[Opening Data provided section]
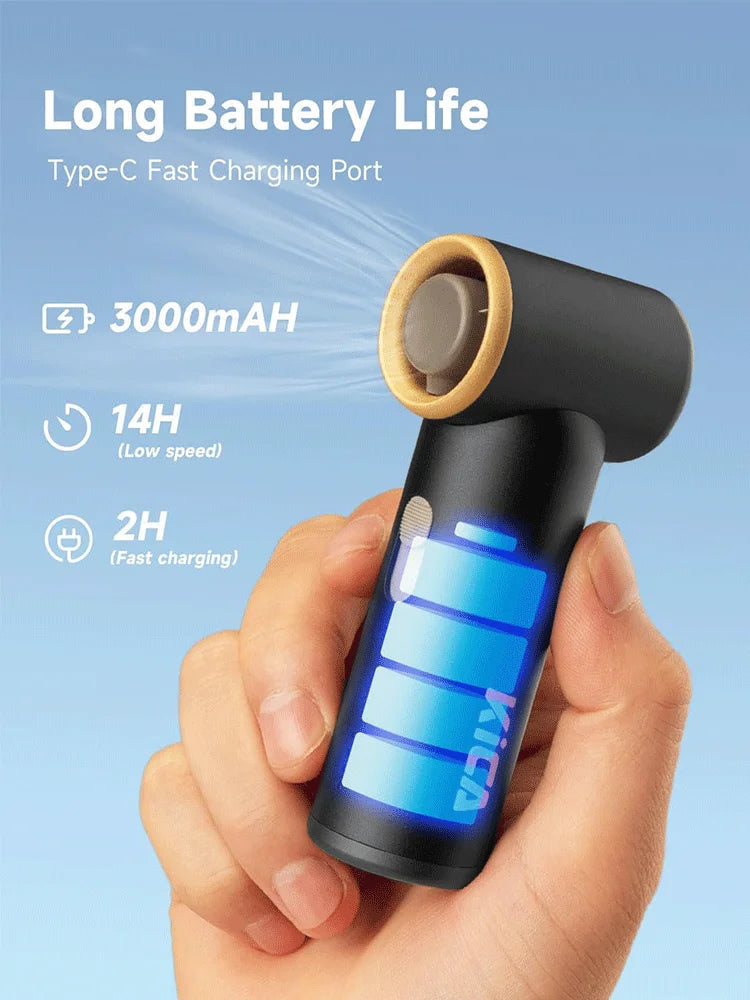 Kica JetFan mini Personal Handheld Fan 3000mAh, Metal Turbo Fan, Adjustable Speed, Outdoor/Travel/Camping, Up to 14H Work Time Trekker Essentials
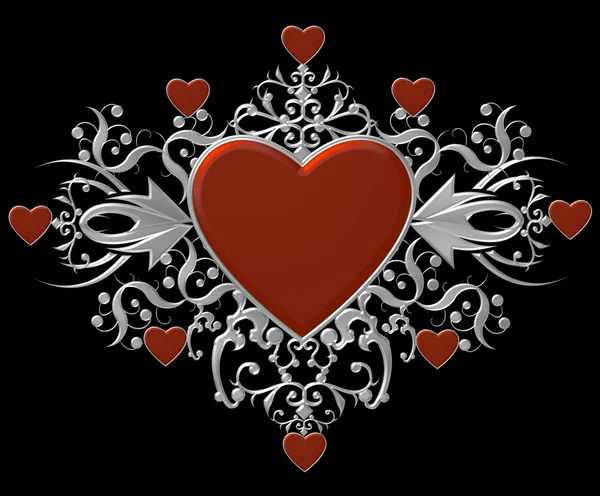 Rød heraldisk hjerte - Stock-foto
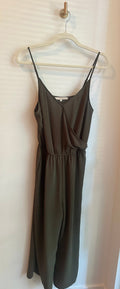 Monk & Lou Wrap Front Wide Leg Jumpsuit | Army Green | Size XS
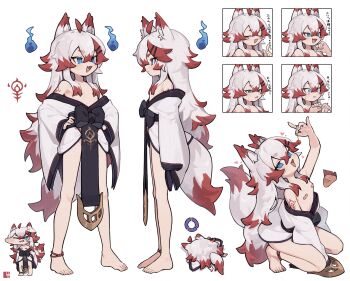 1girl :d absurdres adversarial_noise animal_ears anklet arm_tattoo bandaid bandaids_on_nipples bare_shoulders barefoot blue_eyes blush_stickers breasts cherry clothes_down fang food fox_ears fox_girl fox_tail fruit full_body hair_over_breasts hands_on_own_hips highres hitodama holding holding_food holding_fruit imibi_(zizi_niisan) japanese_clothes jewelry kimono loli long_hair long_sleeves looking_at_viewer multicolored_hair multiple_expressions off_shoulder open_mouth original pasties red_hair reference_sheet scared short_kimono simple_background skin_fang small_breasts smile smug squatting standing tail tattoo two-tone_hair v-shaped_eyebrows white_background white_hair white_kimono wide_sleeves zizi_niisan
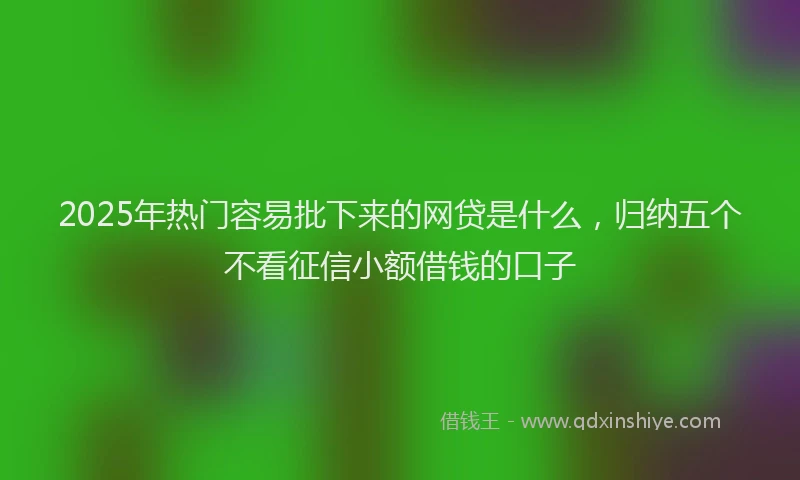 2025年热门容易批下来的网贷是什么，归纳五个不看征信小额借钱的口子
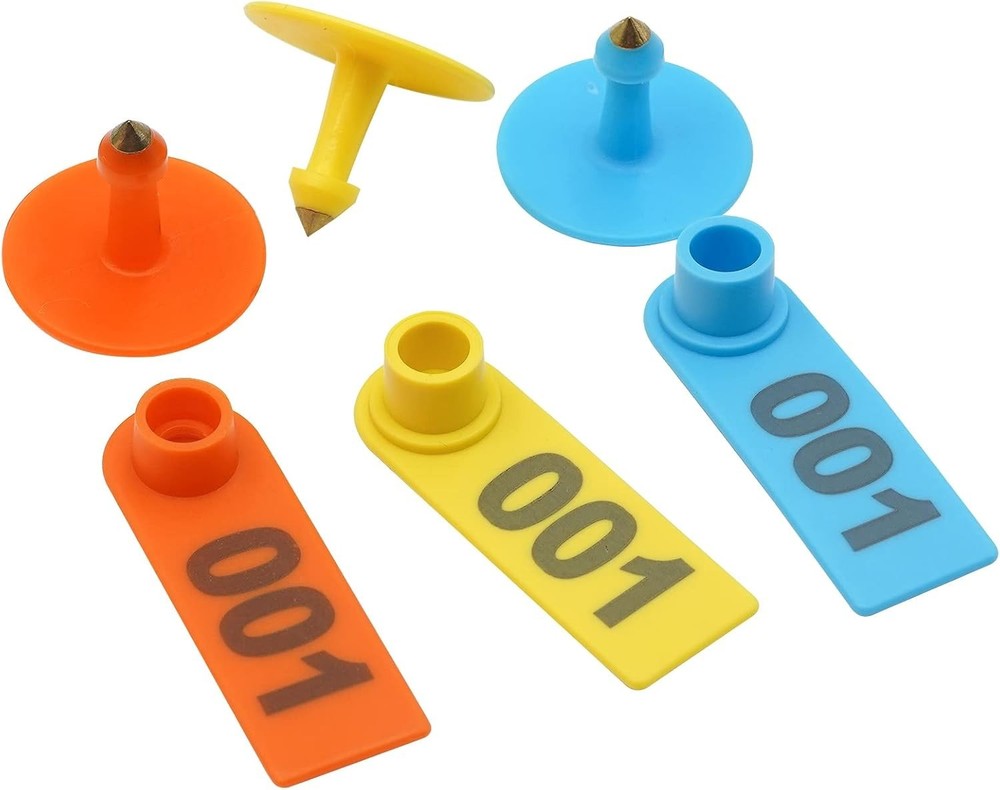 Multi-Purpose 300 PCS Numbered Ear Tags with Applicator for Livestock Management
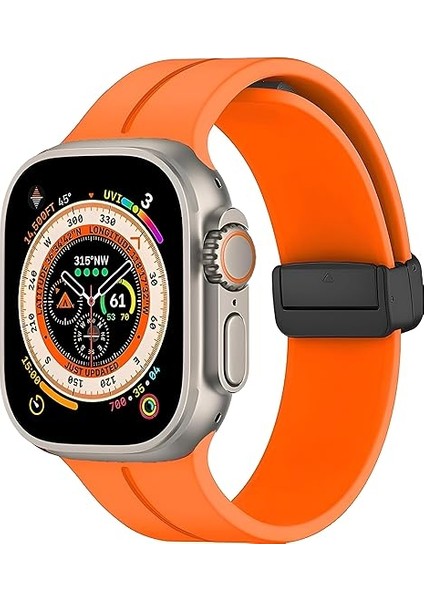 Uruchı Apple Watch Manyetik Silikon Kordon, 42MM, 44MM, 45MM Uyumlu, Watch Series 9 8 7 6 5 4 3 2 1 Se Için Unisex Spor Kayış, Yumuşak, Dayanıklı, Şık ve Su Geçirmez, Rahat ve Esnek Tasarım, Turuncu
[Closing Data provided section]
-- Exercise instructions --
Begin with the first line of the records and repeat every line up to the one with "Monk & Lou Wrap", counting that line too. Pictures are not part of the copy.

-- Answer area --
 Kica JetFan mini Personal Handheld Fan 3000mAh, Metal Turbo Fan, Adjustable Speed, Outdoor/Travel/Camping, Up to 14H Work Time Trekker Essentials
 Rød heraldisk hjerte - Stock-foto
 Monk & Lou Wrap Front Wide Leg Jumpsuit | Army Green | Size XS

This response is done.